Pendapat serupa dengan Sarlito pernah dilontarkan oleh Professor L. Rowell 
Huesmann, dari University of Michigan, yang meneliti pengaruh kekerasan pada 
media televisi terhadap perubahan perilaku. “Efek yang ditimbulkan mungkin 
tidak langung, tapi akan muncul ketika si anak mulai dewasa kelak.” Pendapat 
ini diamini oleh Professor Jonathan Freedman dari University of Toronto Kanada, 
“Ilmu pengetahuan membuktikan, tayangan kekerasan itu ikut membantu melahirkan 
generasi pelaku kekerasan juga.” 

Andrea Martinez di Universitas Ottawa Kanada pernah melakukan review 
komprehensif tentang ilmu kesusastraan untuk Komisi Radio-Televisi dan 
Telekomunikasi Kanada di 1994. Dia menyimpulkan bahwa kurangnya kesepakatan 
bersama tentang efek media menimbulkan tiga area `tidak jelas` atau 
ketidakleluasaan dari penelitian itu sendiri.

Pertama, kekejaman di media sangat sulit untuk di definisikan dan diukur.  
Beberapa ahli yang mengikuti `violence` atau kekejaman yang disiarkan  dalam 
program televisi, seperti George Gerbner dari Universitas Temple, 
mendefinisikan tindakan kejam atau `violence act` [atau ancaman] dari melukai 
atau membunuh seseorang, tergantung dari metode yang digunakan secara 
sendiri-sendiri atau dari konteks keadaan sekitar film tersebut. Dengan 
demikian, Gerber memasukkan data `violence` pada film kartun. Tetapi yang lain, 
seperti seorang profesor dari Universitas Laval, Guy Paquette dan Jacques de 
GUise, secara spesifik tidak mengikutsertakan kekejaman film kartun dari 
penelitian mereka karena sifatnya yang komedi dan menampilkan hal-hal yang 
tidak realistik. 

Kedua, para peneliti tidak setuju dengan tipe hubungan dari data pendukung. 
Beberapa memperdebatkan bahwa keberadaan kekejaman di media menyebabkan agresi 
pada seseorang. Yang lain mengatakan kalau hal ini berhubungan, tetapi tidak 
ada hubungan penyebab [hubungan akan keduanya, terjadinya agressi bisa 
disebabkan oleh faktor ketiga] dan yang lain mengatakan bahwa data tersebut 
mendukung kesimpulan bahwa tidak ada hubungan sama sekali diantara keduanya 
[kekejaman televisi dan agresi seseorang]. 
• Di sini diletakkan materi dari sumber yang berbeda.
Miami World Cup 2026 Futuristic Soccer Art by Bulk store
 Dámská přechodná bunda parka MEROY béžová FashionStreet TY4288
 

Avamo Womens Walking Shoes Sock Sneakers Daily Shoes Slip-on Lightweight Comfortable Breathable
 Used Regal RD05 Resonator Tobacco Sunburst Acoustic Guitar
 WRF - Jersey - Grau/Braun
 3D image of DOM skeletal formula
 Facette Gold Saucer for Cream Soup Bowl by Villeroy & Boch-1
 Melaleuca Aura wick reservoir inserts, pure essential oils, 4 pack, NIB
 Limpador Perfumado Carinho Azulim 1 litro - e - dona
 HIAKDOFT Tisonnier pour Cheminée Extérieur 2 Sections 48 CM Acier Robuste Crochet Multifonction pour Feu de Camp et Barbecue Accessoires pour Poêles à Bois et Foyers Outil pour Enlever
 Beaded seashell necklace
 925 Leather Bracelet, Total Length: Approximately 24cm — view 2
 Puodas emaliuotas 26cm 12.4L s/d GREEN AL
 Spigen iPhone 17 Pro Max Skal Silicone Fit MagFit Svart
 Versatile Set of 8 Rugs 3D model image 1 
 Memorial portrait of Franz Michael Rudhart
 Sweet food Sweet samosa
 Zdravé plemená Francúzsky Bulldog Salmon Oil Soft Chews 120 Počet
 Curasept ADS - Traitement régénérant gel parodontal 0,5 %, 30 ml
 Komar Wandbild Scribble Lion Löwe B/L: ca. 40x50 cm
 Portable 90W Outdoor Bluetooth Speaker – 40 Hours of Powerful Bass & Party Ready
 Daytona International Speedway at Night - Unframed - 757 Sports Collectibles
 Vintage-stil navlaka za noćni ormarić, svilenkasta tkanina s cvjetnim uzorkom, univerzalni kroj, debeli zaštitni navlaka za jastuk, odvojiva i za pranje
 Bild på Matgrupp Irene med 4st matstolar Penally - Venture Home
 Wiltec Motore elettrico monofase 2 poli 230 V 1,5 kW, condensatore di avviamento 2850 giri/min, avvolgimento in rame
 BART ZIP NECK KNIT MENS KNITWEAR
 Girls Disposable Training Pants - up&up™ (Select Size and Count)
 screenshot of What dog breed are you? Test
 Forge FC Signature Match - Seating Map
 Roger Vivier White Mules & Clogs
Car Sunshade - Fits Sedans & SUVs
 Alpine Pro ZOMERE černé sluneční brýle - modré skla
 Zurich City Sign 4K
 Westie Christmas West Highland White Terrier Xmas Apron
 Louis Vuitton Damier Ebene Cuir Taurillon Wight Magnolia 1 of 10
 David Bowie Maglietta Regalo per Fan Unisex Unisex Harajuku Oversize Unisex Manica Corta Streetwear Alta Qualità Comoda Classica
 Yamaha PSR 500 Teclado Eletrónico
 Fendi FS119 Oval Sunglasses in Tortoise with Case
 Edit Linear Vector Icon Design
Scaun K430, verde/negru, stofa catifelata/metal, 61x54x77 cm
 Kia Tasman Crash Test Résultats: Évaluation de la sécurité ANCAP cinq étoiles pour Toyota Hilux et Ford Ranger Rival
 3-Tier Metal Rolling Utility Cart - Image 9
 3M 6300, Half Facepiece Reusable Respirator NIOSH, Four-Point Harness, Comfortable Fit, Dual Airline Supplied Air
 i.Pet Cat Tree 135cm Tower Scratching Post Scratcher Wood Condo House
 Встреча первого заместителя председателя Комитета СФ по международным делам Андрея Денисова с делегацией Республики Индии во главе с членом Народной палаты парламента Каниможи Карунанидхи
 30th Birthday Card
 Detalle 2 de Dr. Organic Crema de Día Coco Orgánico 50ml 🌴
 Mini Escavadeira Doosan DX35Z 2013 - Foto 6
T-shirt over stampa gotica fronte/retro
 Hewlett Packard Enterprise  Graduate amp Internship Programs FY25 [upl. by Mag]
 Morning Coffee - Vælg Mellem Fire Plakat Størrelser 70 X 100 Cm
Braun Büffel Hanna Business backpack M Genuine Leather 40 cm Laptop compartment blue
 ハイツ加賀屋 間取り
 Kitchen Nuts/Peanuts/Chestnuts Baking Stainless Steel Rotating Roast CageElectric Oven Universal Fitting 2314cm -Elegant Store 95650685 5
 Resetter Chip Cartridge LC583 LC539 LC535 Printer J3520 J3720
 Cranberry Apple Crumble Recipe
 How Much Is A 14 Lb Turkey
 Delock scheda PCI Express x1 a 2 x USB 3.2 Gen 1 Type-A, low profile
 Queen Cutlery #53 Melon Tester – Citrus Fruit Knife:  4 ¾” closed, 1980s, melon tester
Ketiga, bahkan mereka yang setuju bahwa ada sebuah hubungan antara kekejaman 
yang ada di media dan agresi, tidak setuju bagaimana yang satu mempengaruhi 
yang lain [kekejaman di televisi mempengaruhi tindakan seseorang].  Beberapa 
orang mengatakan bahwa mekanisme terjadinya hal itu berdasarkan psikologi, 
bermula dari bagaimana kita mempelajari sesuatu. Contohnya, Huesmann 
mendebatkan bagaimana anak-anak mengembangkan sifat  kognitif, yang menuntun 
tindakan mereka dengan meniru gaya pahlawan dalam televisi. Saat mereka 
menonton tayangan yang mengandung kekejaman, anak-anak belajar untuk memikirkan 
dalam hati bagaimana penggunaan kekejaman sebagai metode yang cocok untuk 
menyelesaikan masalah.

Kembali pada riset soal dampak televisi, dari penelitian terhadap 260 anak-anak 
Sekolah Dasar [SD] yang ada di Jakarta, Yayasan Kesejahteraan Anak Indonesia 
[YKAI] membuktikan televisi ternyata medium yang banyak ditonton dengan alasan 
paling menghibur. Kenyataan ini menunjukkan bahwa televisi menjadikan media 
yang benar-benar diidolakan oleh anak-anak. Anak-anak lebih bersifat pasif 
dalam berinteraksi dengan televisi, bahkan seringkali mereka terhanyut dalam 
dramatisasi terhadap tayangan yang ada di televisi.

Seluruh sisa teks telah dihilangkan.